The R192Q mutation reduces the extent of receptor-mediated inhibition

Dopamine receptors and modulation of dopaminergic neurotransmission might be involved in the pathophysiology of migraine (Peroutka, 1997; Fanciullacci et al. 2000). To determine whether G-protein-dependent modulation of α1A is affected by the R192Q mutation, inhibition by the D2 dopamine receptor was examined. D2 receptors couple to pertussis toxin (PTX)-sensitive Gi/Go G-proteins to inhibit Ca2+ channels (Lledo et al. 1992; Brown & Seabrook, 1995; Wolfe & Morris, 1999).
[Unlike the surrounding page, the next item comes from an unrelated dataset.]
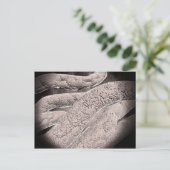 Mikroskopische Darstellung der Corncob-Formation Postkarte (Stehend Vorderseite)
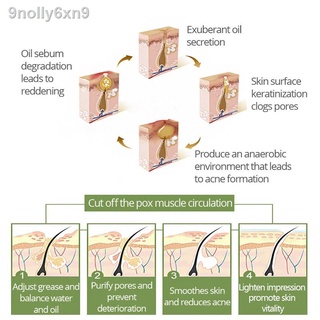 【Factory price】▧VIBRANT GLAMOUR Tea Tree Oil Acne Pimples Scars Treatment Facial Toner 30ml #2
Exposure to 1 μm of the D2 receptor agonist quinpirole (Quin) produced a rapid (within 1-2 s) and substantial inhibition of the WT α1A current (Fig. 2A). This inhibition was abolished by incubation with PTX (500 ng ml−1, overnight), confirming that inhibition by D2 receptors is also mediated by Gi/Go-type G-proteins in tsA-201 cells (Fig. 2C). Quin-inhibited currents displayed slowed activation kinetics and a current-voltage relationship that was shifted to positive potentials (see Fig. 2E and Fig. 4B), and were facilitated by prepulses to +100 mV (see Fig. 4). These characteristics suggest that inhibition of α1A Ca2+ channels by activated D2 receptors occurred through a membrane-delimited pathway and was, at least in part, voltage dependent (see Discussion). The R192Q mutation induced a significant reduction in the magnitude of inhibition (Fig. 2B and E). Thus, in α1AWT-expressing cells, Quin reduced the Ca2+ current by 62.9 ± 0.9 % (n = 27) and by only 47.9 ± 1.8 % (n = 35, P < 0.001) in α1AR192Q-expressing cells (Fig. 2C). The difference in the extent of inhibition was not due to a difference in Ca2+ current densities between α1AWT and α1AR192Q because, as mentioned above, Ca2+ current densities were comparable between the two channels and there was no correlation between inhibition and current density (Fig. 2D). This last observation suggests that D2 receptors were expressed at a saturating level.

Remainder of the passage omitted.